Fat loss seen in patients with HIV, typically in subcutaneous regions (arms, face, legs), may result from cell atrophy, apoptosis (automatic cell death), or dedifferentiation of fat cells. Fat gain in visceral regions (belly) may result from adipogenesis, lipogenesis, or both (these are processes by which fat is produced and deposited). Because visceral fat drains portally into the liver, it may contribute to the elevation in serum triglycerides and insulin resistance seen in patients with HIV. Factors controlling fat loss and accumulation are complex and thought to be influenced by cytokines such as tumor necrosis factor alpha and interleukin 6, by endocrine factors such as cortisol, testosterone, and growth hormone, and by differential expression of receptors for these factors on adipocytes in different fat depots (Editorial note: it appears that dysregulation of the immune system may play a role in causing body changes. The affect of HIV itself or immune reconsitution by HAART may contribute to this dysregulation).
Evidence suggests that both PI and NRTI use are involved. On a cellular and molecular level, PI drugs have been shown to inhibit adipocyte (fat cell) differentiation (production), thereby possibly contributing to morphological (body) changes.
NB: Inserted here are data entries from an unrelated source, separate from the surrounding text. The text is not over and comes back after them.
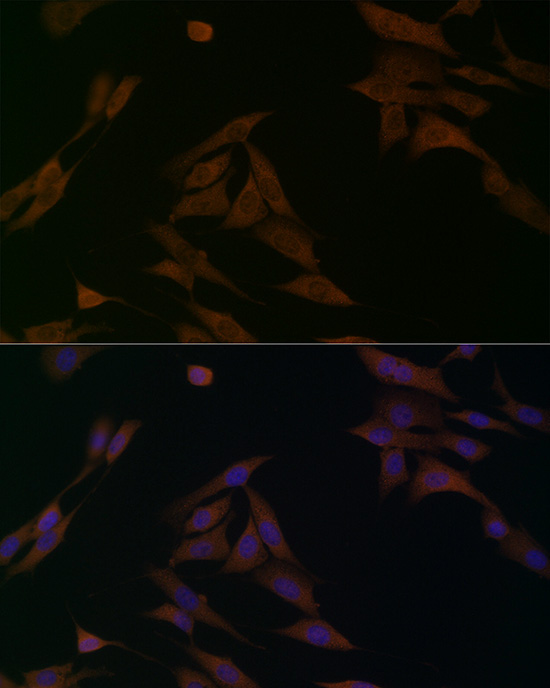 BCAT1 Rabbit Polyclonal Antibody - Image 4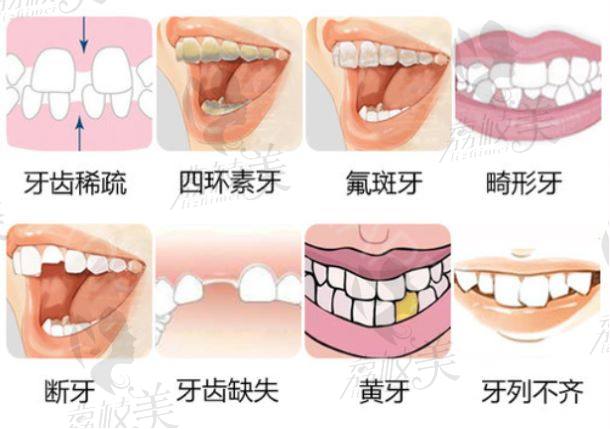 什么样的牙适合做贴面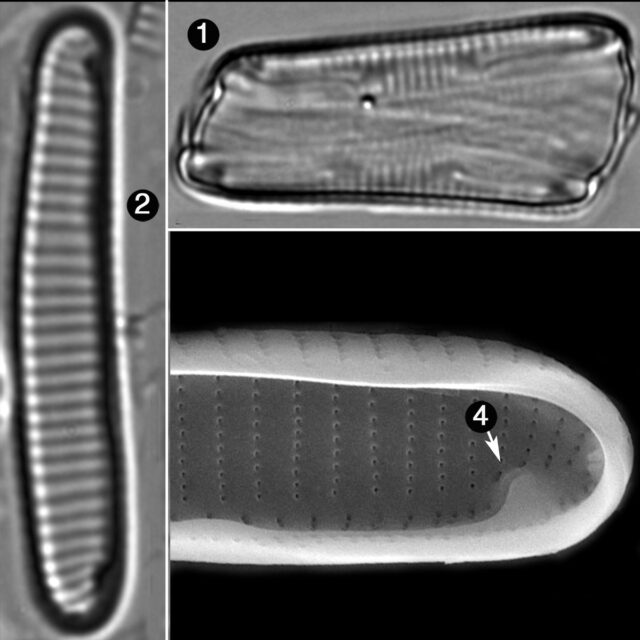 Eunotia Rhomboidea Guide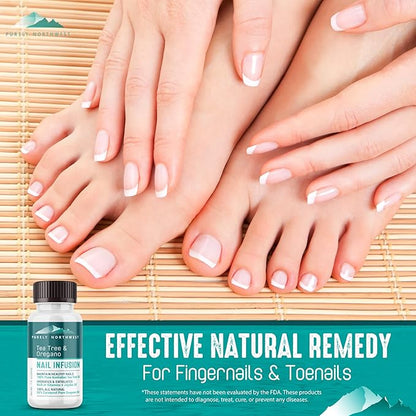 Extra Strength-Toenail Solution-100% All Natural-Tea Tree & Oregano-Effective for Thick, Discolored & Cracked Nails-Softens Dry Cracked Nails & Cuticles-by Purely Northwest 1oz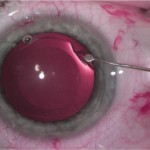 lexummedica-icl-zdj-5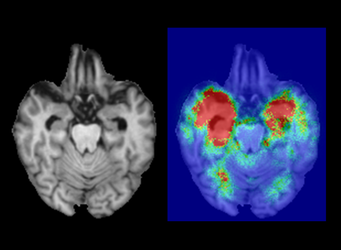 富士フイルムと国立精神・神経医療研究センター AI技術を用いて 軽度認知障害患者のアルツハイマー病への進行を最大88%の精度で予測 －国際学術誌「Nature」の関連誌「npj Digital Medicine」に掲載－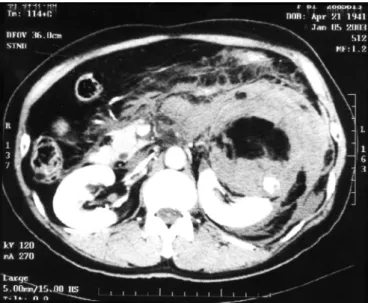 Fig. 4. This shows that an adipose-containing mass with huge perirenal hematoma and contrast pooling, measured 10 ⫻ 10 cm, on the upper pole of the left kidney.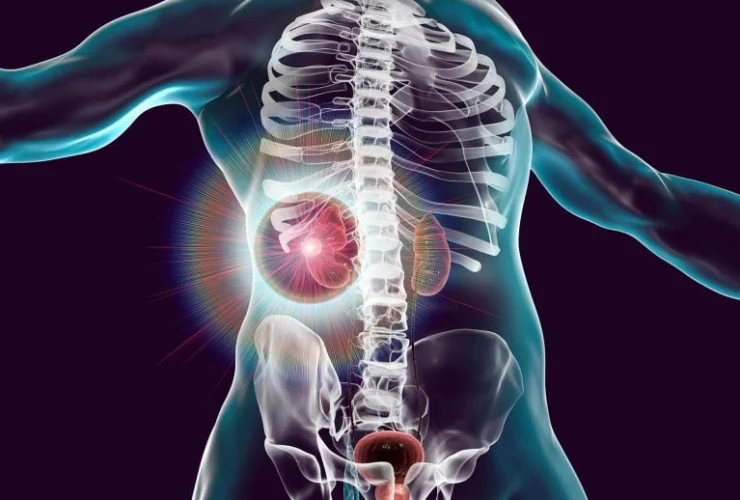 Virus nel Dna: la sorprendente scoperta per battere il cancro ai reni!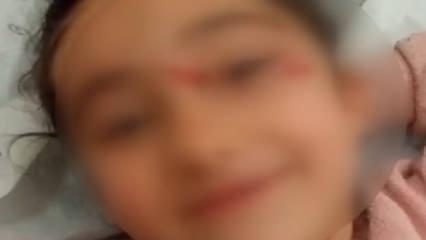 Yer: Ey&uuml;psultan! Okul d&ouml;n&uuml;ş&uuml; başıboş k&ouml;pek dehşeti: 6 yaşındaki &ccedil;ocuk hastanelik oldu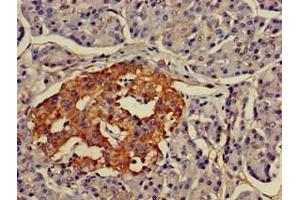 Immunohistochemistry of paraffin-embedded human pancreatic tissue using ABIN7158379 at dilution of 1:100 (LMX1A antibody  (AA 9-86))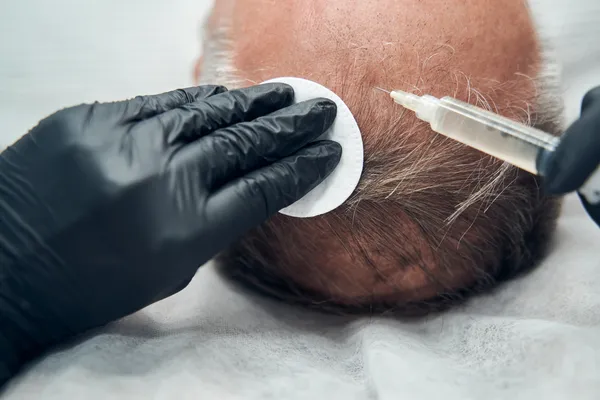 Close-up of a man receiving a scalp injection for hair growth. Enhancing the environment for the Benefits of hair transplant.
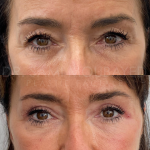 Source: Dr. Moubayed’s practice. Not a guarantee of results. Photos published with informed written consent of patients Female treated with upper blepharoplasty in Montreal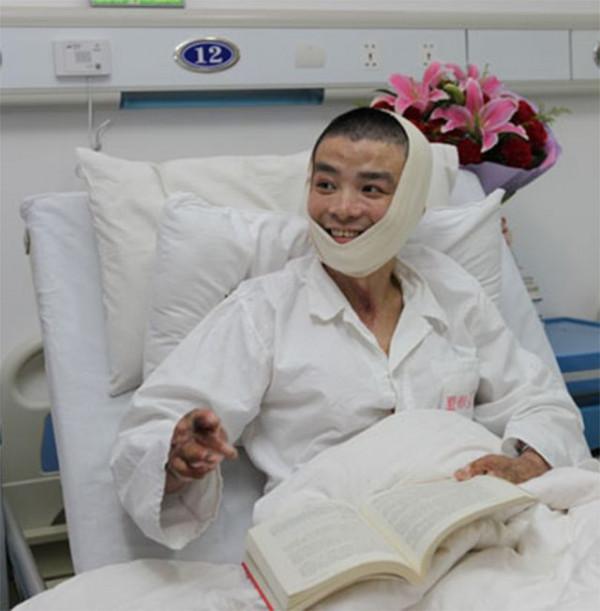 11年前,那個探親中途浴火救44人,全身90%燒傷的子弟兵,現況如何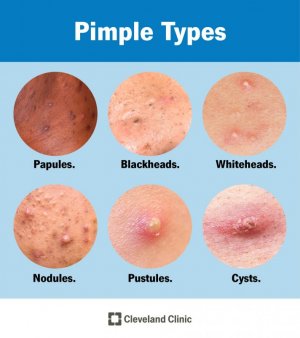 22468-pimples.jpg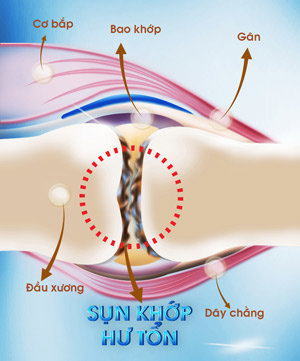 ĐAU NHỨC KHỚP, MỐI NGUY TÀN PHẾ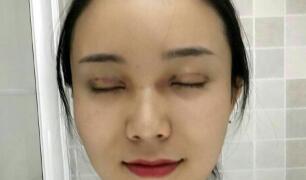 長(zhǎng)沙微笑醫(yī)療整形醫(yī)生段雙軍做切開(kāi)雙眼皮+開(kāi)內(nèi)眼角效果怎么樣？附案例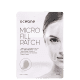 Océane Micro Fill Patch - Adesivo com Ácido Hialurônico (2 Unidades) (1)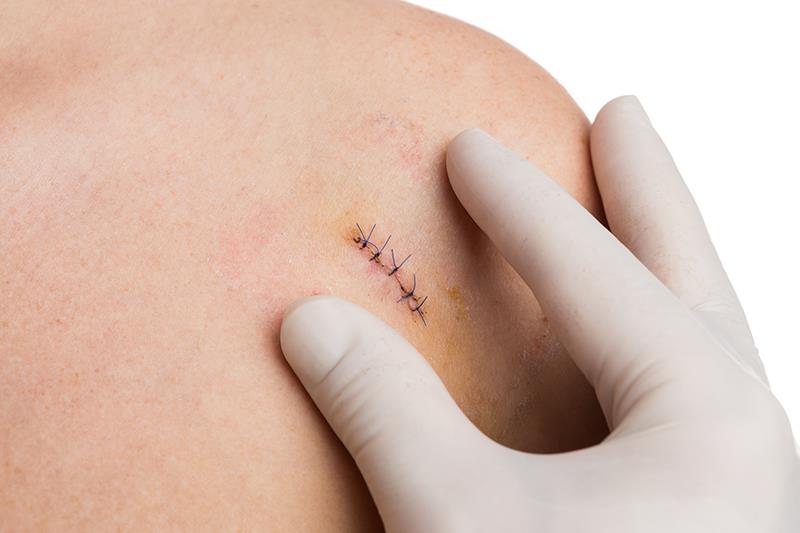 Daromun plus surgery improves survival in patients with resectable melanoma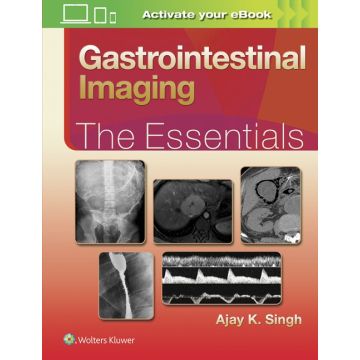 Gastrointestinal Imaging: The Essentials  Singh Ajay LIPPINCOTT Williams and Wilkins  9781496307194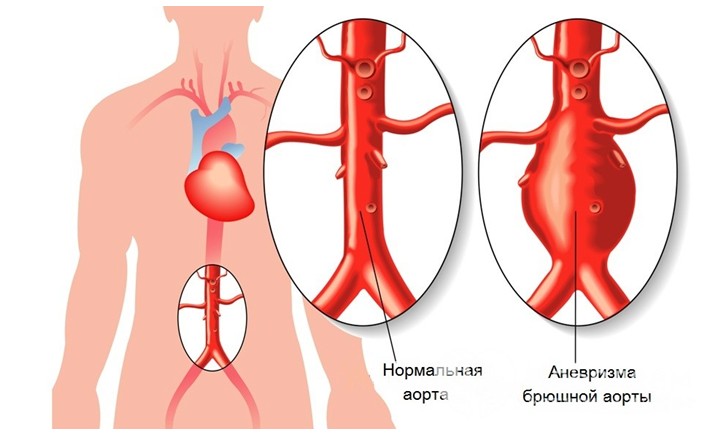 абоа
In addition, some researchers speculate that toxic effects of NRTIs on mitochondrial function and associated lactic acidosis may be linked to changes in fat distribution.
All NRTI drugs can cause mitochondrial toxicity, but to differing degrees and their impact may be worsened by interactions with PIs. For example, when indinavir and stavudine are combined, indinavir can increase plasma stavudine concentrations, thereby potentially increasing or accelerating NRTI-mediated mitochondrial toxicity. When mitochondria do not function properly, lactic acid may accumulate in the cytosol (the fluid compartment of the cytoplasm), with toxic consequences for the cell and surrounding tissues. Fatty acids that normally would be metabolized in mitochondria also may accumulate in the cytosol, possibly explaining the lipid accumulation observed within muscle, liver, and nerve cells in vitro and sometimes in biopsies of patients with other mitochondrial disorders. Ensuing cellular damage can lead to hepatic steatosis, myopathy, cardio- myopathy, peripheral neuropathy, and, possibly, lipodystrophy.
NRTI-related mitochondrial toxicity may contribute to the fat redistribution syndrome seen in patients with HIV infection. This relationship is based partly on the resemblance of certain manifestations of the syndrome to other conditions characterized by abnormal fat accumulation and mitochondrial malfunction, such as Madelung's disease and dorsocervical lipoma in the absence of Cushing's disease. But HIV-infected patients have only certain of the changes seen with either condition, so the association may be unrelated to the pathogenesis of HIV-lipodystrophy syndrome. Furthermore, despite the ability of NRTI to inhibit mitochondrial DNA polymerase gamma in vitro, frank lactic acidosis is a rare occurrence in patients taking these agents. Moreover, there are no data to link the manifestations of HIV-associated lipodystrophy syndrome to lactic acidosis or other signs of mitochondrial dysfunction. (editorial note: other researchers feel more strongly that NRTIs play a role in the development of body changes. But so far the evidence implicating NRTIs needs more strength. Associations between NRTIs and lipodystrophy have been seen but actual causation by NRTIs have not been seen).